** DATA FOR PROCESSING follows **

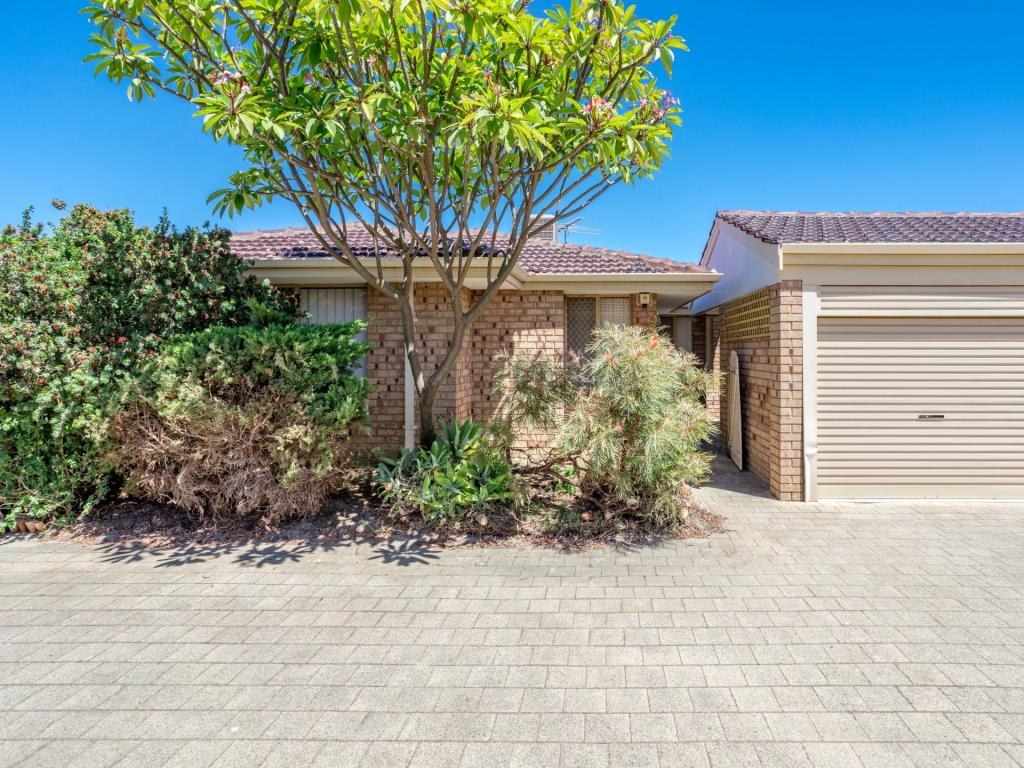 12/6 Lester Dr, Thornlie, WA 6108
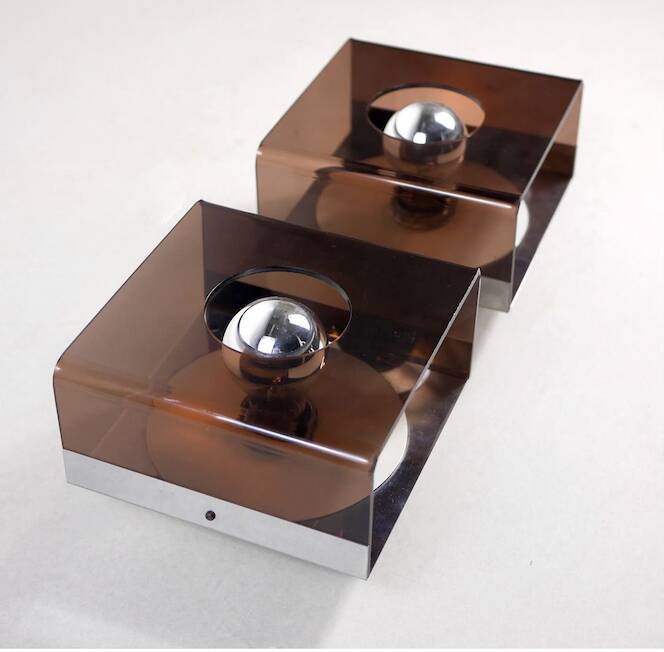 pair of 2 plexiglass wall lights, Disco model, by Jocelyne Trocmé, design 1970.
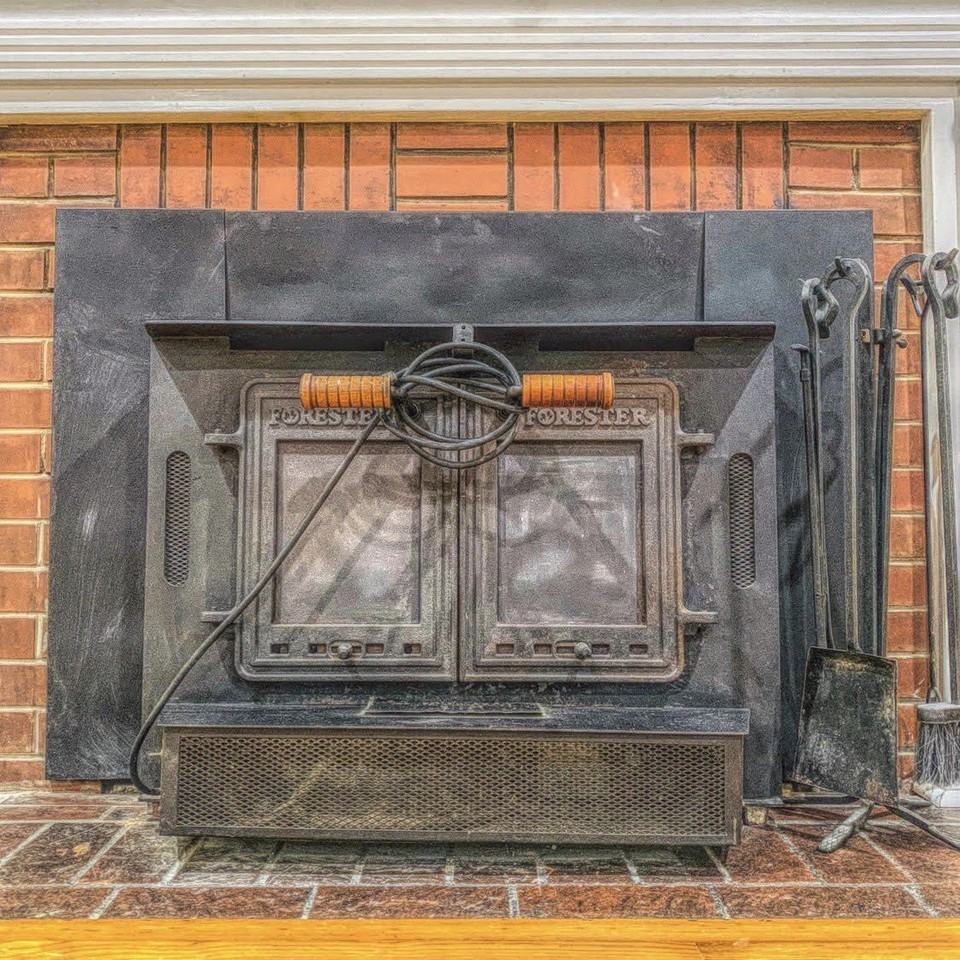 480 S May St - Photo 6 of 12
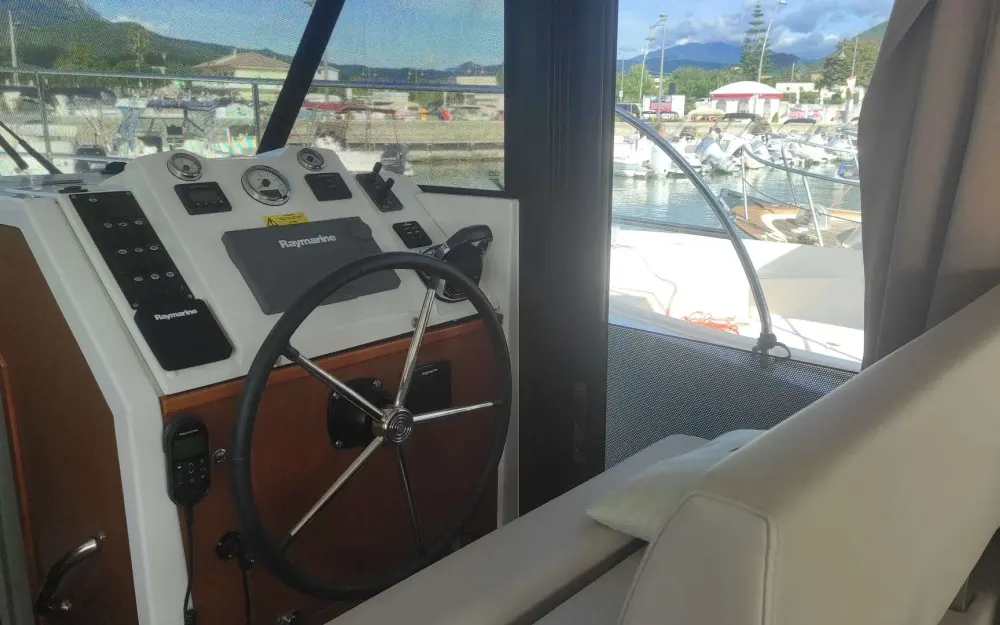 slider 5 Beneteau Swift Trawler 30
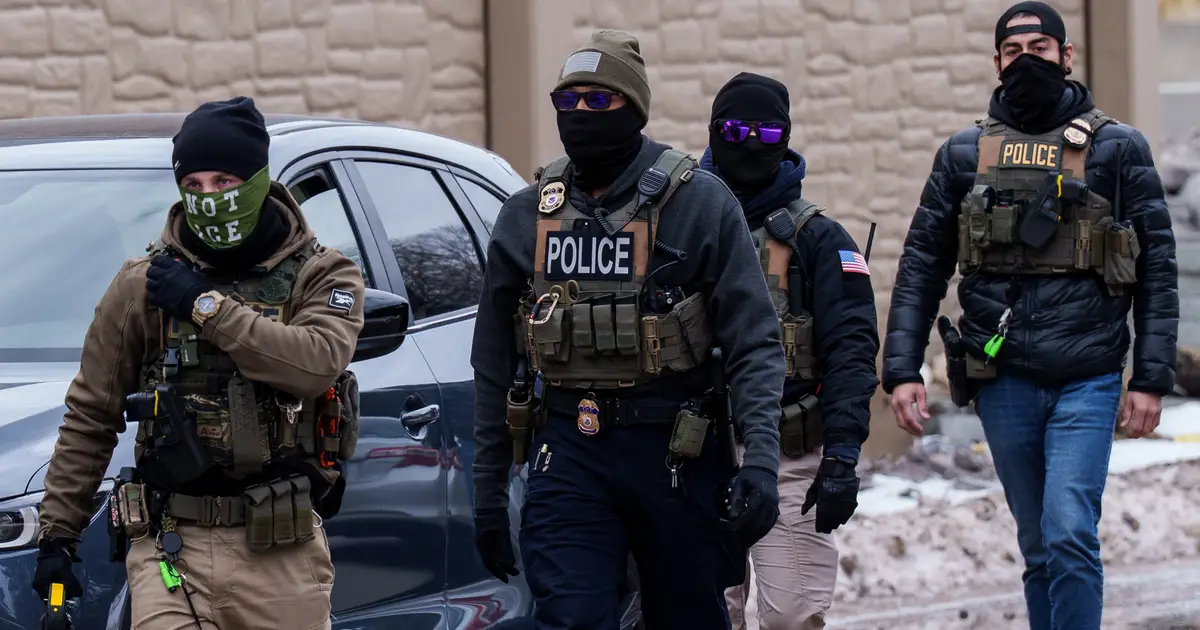 ICE memo allows agents to enter homes without judicial warrant : Whistleblower complaint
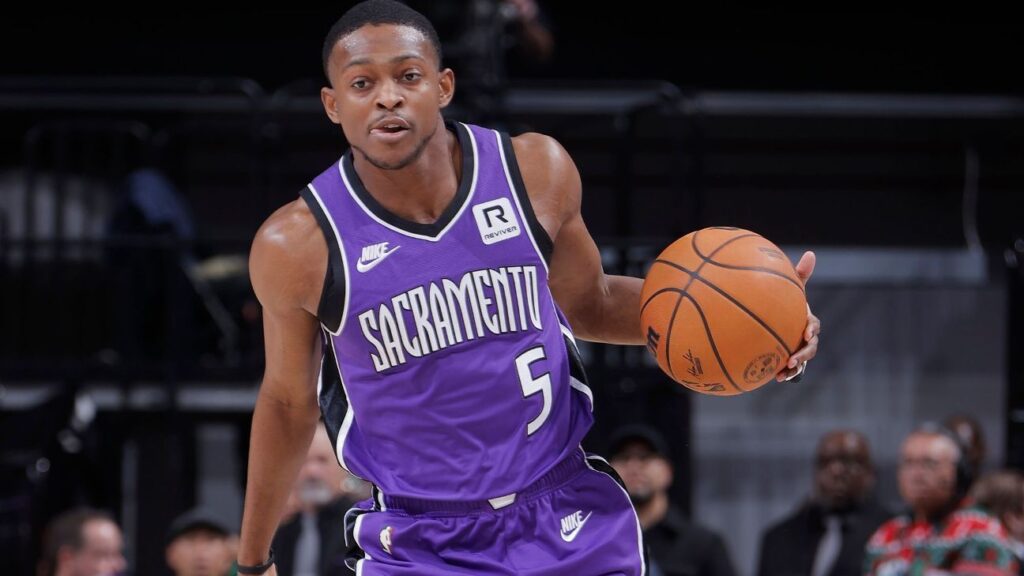 Kings iniciarán pláticas sobre cambio de De’Aaron Fox, fuentes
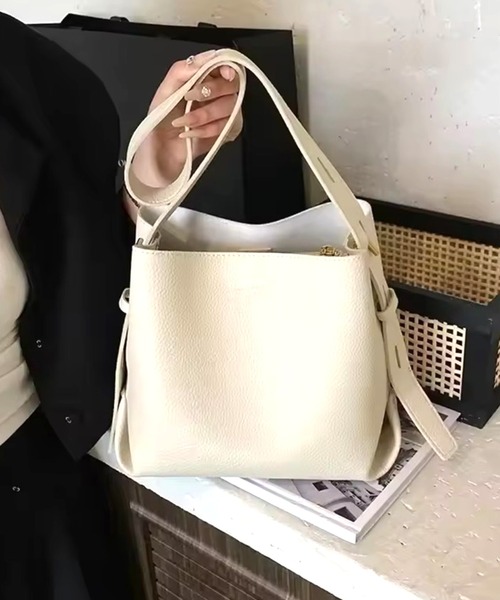 まなみさん私物 エイミー eimy スクエアバッグ ショルダーバッグ バッグ eimy istoire - まなみさん私物 エイミー eimy スクエアバッグ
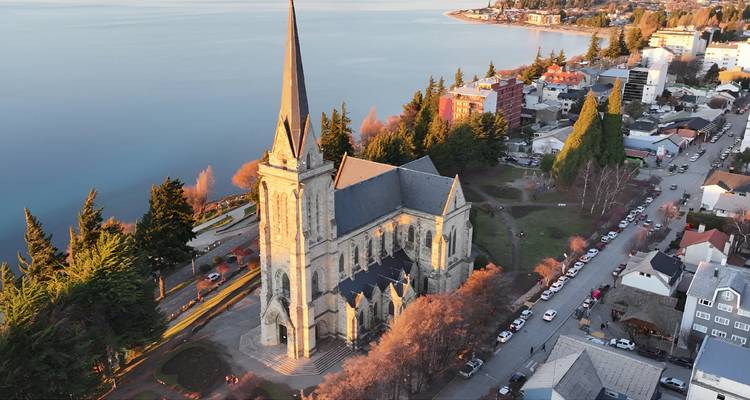 Église au bord d'un lac et ville de Bariloche.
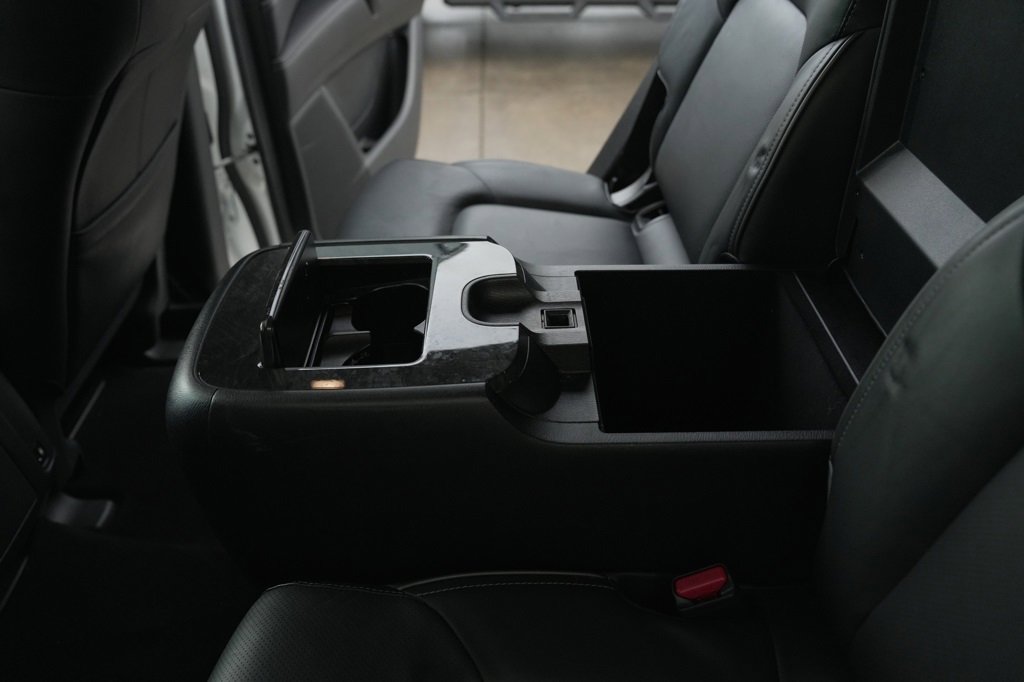 Used 2024 INFINITI QX80 Luxe image 25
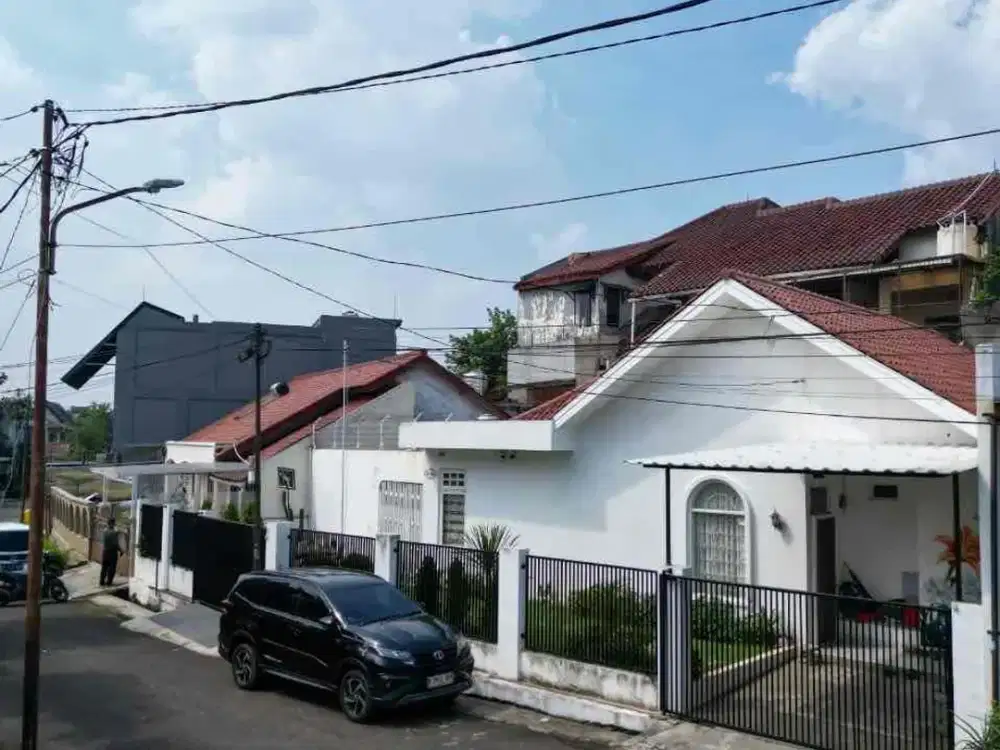 rumah di jln merpati bintaro jaya sek 2 jakarta selatan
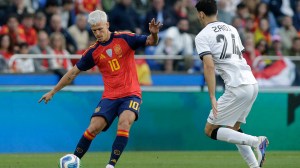 Uno de los favoritos no pudo ganar: España igualó 1-1 con Irak a días del debut en el Mundial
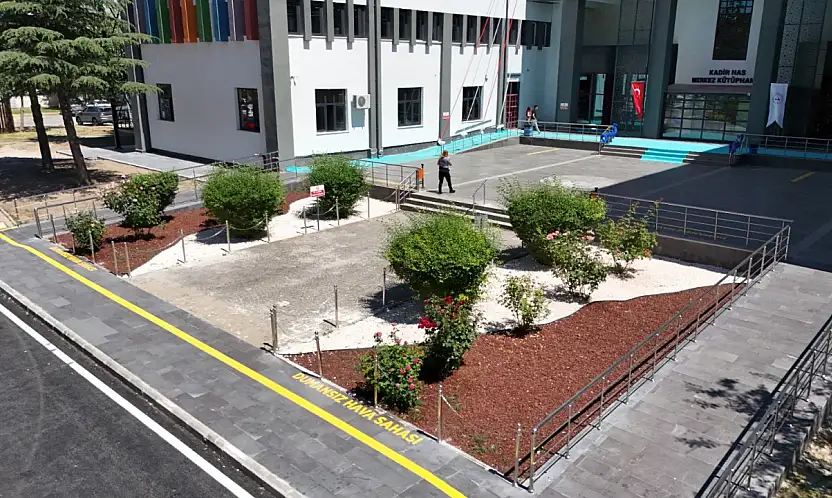 Kayseri Büyükşehir'den okullara ve üniversiteye yeşil dokunuş
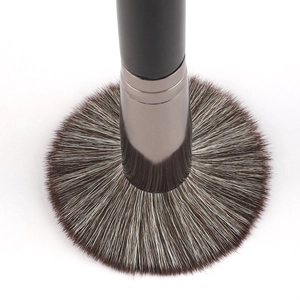 Professional fluffy contour makeup brush with ultra-soft bristles and black handle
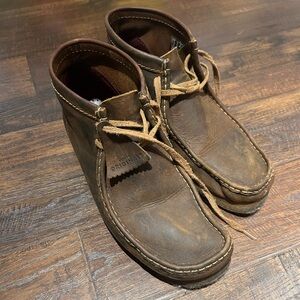 Clarks Men's Distressed Brown Chukka Boots
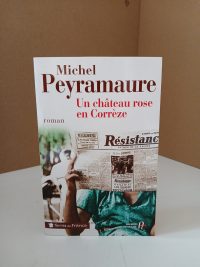 Un château rose en Corrèze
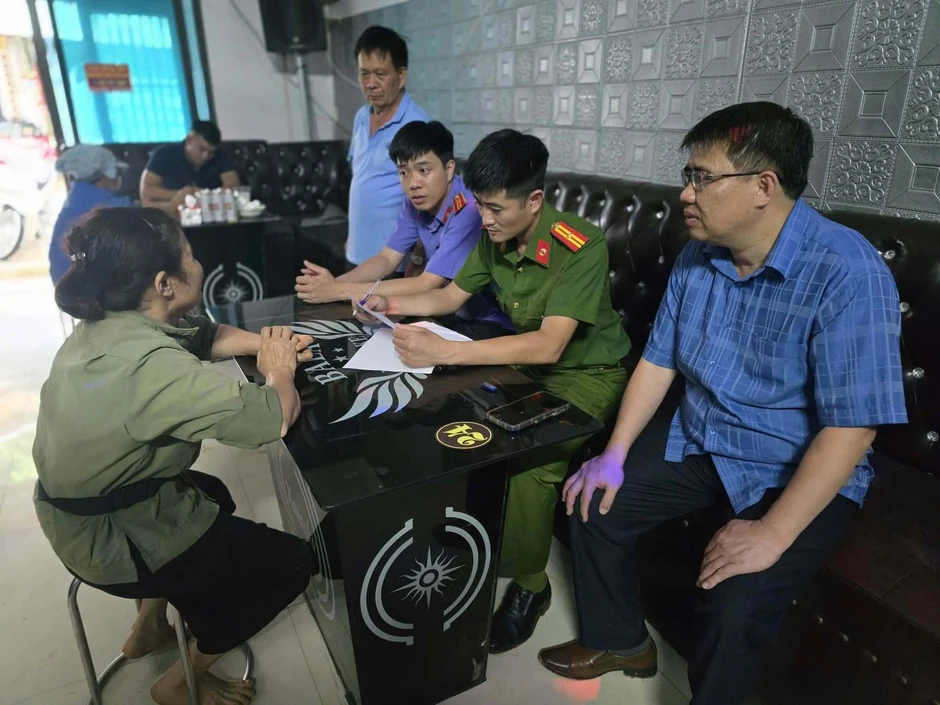 Thu giữ 4 can dung dịch trong vụ sông Kỳ Cùng nổi bọt trắng xóa Thu giữ 4 can dung dịch trong vụ sông Kỳ Cùng nổi bọt trắng xóa
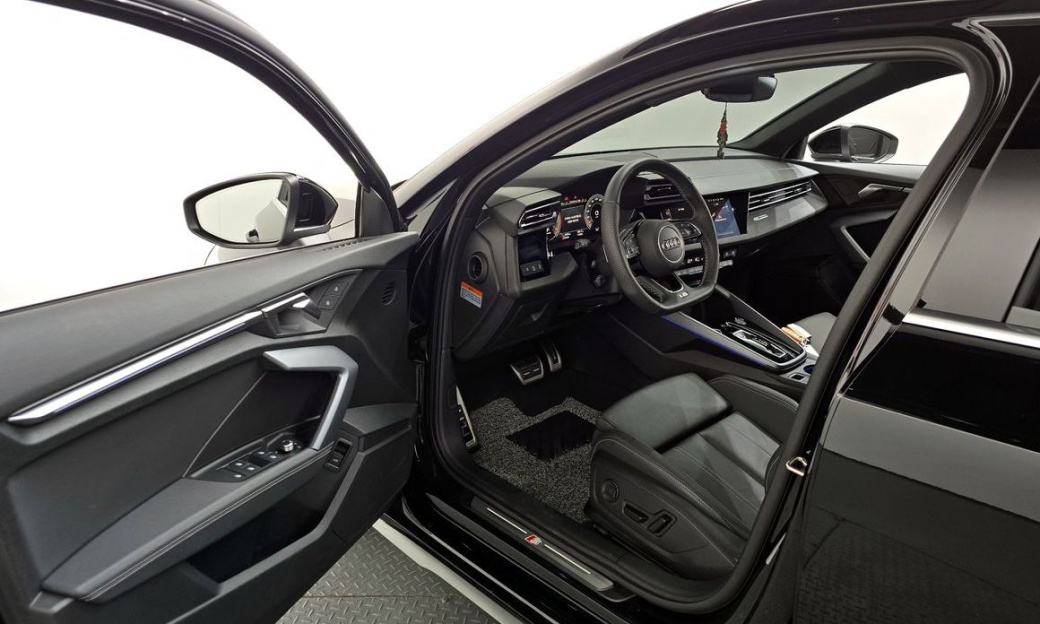 Audi A3 40 TFSI Premium, 2025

** End of DATA FOR PROCESSING **

WORK TO BE COMPLETED:
Give again, please, precisely the lines that begin the records and run through the line with "rumah di jln" in it, keeping both end lines and dropping any pictures.

EXERCISE ANSWER:
 12/6 Lester Dr, Thornlie, WA 6108
 pair of 2 plexiglass wall lights, Disco model, by Jocelyne Trocmé, design 1970.
 480 S May St - Photo 6 of 12
 slider 5 Beneteau Swift Trawler 30
 ICE memo allows agents to enter homes without judicial warrant : Whistleblower complaint
 Kings iniciarán pláticas sobre cambio de De’Aaron Fox, fuentes
 まなみさん私物 エイミー eimy スクエアバッグ ショルダーバッグ バッグ eimy istoire - まなみさん私物 エイミー eimy スクエアバッグ
 Église au bord d'un lac et ville de Bariloche.
 Used 2024 INFINITI QX80 Luxe image 25
 rumah di jln merpati bintaro jaya sek 2 jakarta selatan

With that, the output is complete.